When uploading a dataset to Kolena, it is important to be able to differentiate between each datapoint. This is accomplished by configuring an id_field - a unique identifier for a datapoint. You can select any field that is unique across your data, or generate one if no unique identifiers exist for your dataset. Below are some common patterns for generating/selecting a unique identifier if your data does not have a natural ID field:

  • If your datapoints contain a locator field pointing to the external files representing your model inputs, the locator field is usually used as the ID field.
  • For datapoints with a text field for text-based models, we recommend either generating and saving a UUID for each datapoint or generating a hash of the text field to use as the ID field.
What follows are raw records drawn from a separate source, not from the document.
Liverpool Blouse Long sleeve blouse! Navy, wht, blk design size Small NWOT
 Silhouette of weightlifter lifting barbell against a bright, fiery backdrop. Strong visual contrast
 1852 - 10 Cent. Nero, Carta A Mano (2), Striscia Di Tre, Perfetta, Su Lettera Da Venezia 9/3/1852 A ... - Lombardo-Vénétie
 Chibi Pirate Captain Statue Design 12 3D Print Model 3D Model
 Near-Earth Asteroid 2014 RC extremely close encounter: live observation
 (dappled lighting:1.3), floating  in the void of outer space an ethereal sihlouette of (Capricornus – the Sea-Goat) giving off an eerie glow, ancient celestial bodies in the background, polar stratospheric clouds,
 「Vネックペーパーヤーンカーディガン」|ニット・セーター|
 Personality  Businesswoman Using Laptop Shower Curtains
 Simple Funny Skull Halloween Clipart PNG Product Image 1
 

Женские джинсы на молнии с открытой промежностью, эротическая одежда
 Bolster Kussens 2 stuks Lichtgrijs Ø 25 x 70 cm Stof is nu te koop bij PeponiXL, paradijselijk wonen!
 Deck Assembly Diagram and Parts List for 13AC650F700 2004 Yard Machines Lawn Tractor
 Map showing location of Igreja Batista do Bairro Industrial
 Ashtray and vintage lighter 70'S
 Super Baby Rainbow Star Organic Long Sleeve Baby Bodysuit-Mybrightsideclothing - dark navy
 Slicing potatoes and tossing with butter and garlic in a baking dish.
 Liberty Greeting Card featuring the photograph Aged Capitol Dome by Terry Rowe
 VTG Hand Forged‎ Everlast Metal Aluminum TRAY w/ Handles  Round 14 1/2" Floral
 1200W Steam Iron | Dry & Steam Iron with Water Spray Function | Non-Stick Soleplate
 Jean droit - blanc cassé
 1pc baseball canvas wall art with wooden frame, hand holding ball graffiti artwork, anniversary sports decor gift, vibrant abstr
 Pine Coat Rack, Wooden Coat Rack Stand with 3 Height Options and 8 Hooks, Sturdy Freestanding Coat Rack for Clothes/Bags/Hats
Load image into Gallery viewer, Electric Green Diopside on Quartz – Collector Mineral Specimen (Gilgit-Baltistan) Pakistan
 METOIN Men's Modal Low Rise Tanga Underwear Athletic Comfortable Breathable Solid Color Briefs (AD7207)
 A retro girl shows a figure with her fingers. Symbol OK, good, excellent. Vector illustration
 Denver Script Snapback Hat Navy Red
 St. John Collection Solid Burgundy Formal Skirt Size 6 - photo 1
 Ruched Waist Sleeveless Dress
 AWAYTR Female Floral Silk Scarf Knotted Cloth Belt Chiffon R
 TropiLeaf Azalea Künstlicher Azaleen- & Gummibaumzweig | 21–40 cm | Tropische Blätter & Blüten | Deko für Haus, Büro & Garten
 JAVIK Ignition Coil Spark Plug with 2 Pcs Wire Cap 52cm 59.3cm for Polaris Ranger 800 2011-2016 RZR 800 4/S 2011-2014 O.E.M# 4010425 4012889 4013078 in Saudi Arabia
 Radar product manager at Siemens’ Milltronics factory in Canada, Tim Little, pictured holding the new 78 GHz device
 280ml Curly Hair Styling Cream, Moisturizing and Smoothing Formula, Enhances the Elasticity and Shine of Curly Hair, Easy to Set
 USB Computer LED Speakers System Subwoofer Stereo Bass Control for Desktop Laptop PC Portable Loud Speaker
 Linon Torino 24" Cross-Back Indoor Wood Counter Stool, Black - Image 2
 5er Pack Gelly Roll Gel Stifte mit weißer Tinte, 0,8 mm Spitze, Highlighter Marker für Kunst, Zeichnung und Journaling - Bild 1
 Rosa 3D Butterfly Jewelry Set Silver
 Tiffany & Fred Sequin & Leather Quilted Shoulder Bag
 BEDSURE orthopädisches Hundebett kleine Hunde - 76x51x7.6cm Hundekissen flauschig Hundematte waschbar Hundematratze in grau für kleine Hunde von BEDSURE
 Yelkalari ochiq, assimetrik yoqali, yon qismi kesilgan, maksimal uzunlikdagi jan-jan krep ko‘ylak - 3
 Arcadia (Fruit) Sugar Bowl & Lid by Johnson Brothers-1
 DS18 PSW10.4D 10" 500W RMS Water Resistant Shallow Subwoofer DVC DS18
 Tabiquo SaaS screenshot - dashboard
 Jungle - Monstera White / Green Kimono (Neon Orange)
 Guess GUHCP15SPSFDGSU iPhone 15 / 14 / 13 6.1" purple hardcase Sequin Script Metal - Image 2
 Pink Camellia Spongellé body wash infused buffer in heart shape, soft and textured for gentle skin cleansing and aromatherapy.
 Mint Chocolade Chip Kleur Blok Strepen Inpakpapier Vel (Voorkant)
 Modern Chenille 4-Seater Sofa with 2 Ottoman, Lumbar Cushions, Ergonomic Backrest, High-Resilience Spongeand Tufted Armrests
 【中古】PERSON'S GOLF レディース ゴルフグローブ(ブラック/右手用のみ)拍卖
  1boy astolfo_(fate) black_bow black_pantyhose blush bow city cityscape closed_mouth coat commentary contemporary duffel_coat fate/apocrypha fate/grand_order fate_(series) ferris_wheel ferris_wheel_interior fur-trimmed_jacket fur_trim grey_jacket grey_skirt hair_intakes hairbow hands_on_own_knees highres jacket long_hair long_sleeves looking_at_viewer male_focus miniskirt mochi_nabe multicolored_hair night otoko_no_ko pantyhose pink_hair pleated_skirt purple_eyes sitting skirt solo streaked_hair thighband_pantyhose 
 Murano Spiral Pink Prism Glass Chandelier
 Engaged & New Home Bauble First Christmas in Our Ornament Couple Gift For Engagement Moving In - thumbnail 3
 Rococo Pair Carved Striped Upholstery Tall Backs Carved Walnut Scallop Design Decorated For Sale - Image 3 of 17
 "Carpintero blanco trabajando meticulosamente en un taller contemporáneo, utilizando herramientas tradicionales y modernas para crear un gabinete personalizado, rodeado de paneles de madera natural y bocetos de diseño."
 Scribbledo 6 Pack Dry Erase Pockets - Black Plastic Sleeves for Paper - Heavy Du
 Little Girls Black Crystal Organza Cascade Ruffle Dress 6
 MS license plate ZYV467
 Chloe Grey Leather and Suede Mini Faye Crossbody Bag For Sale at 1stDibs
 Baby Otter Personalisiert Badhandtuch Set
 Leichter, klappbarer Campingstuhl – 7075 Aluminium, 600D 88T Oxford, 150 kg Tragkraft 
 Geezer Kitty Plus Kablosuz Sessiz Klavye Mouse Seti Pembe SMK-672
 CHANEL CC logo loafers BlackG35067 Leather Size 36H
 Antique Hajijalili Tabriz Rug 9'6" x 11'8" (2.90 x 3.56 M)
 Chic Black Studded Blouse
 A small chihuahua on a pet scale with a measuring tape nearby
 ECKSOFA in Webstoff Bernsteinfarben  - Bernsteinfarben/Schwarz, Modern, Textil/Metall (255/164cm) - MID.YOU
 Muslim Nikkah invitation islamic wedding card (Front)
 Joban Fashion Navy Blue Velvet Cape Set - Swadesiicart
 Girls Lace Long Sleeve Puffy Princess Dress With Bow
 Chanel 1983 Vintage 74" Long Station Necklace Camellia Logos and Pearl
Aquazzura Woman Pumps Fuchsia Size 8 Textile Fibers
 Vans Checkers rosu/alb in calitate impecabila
You can also use the text field itself as the ID field.
  • For other kinds of datapoints, we recommend generating and saving a UUID for each datapoint to use as the ID field.

Kolena will attempt to infer common id_fields (eg. locator, text) based on what is present in the dataset during import. This can be overridden by explicitly declaring id fields when importing via the Web App from the Datasets page, or the SDK by using the upload_dataset function.

Kolena will look for the following fields when displaying datapoints:

Field Name Description
locator Url path to a file to be displayed, either a cloud storage url or a http url that serves a file.
text Raw text input for text based models.

A locator needs to have correct extensions for the corresponding file type. For example an image should be in a format such as .jpg or .png, whereas locators for audio data should be in forms like .mp3 or .wav.

Locator Support Matrix#

Data Type Supported file formats
Image jpg, jpeg, png, gif, bmp and other web browser supported image types.
Audio flac, mp3, wav, acc, ogg, ra and other web browser supported audio types.
Video mov, mp4, mpeg, avi and other web browser supported video types.
Document txt and pdf files.
Point Cloud pcd files.

Metadata and other additional fields can be added to datasets by adding a column to the .csv and providing values for datapoints where applicable. For example image_height and image_width may be useful metadata for image datasets and fields like word_count may be useful for text datasets.

How are Datasets viewed#

Kolena allows you to visualize your datasets by use of the Studio. The studio experience depends on the type of data relevant to your problem.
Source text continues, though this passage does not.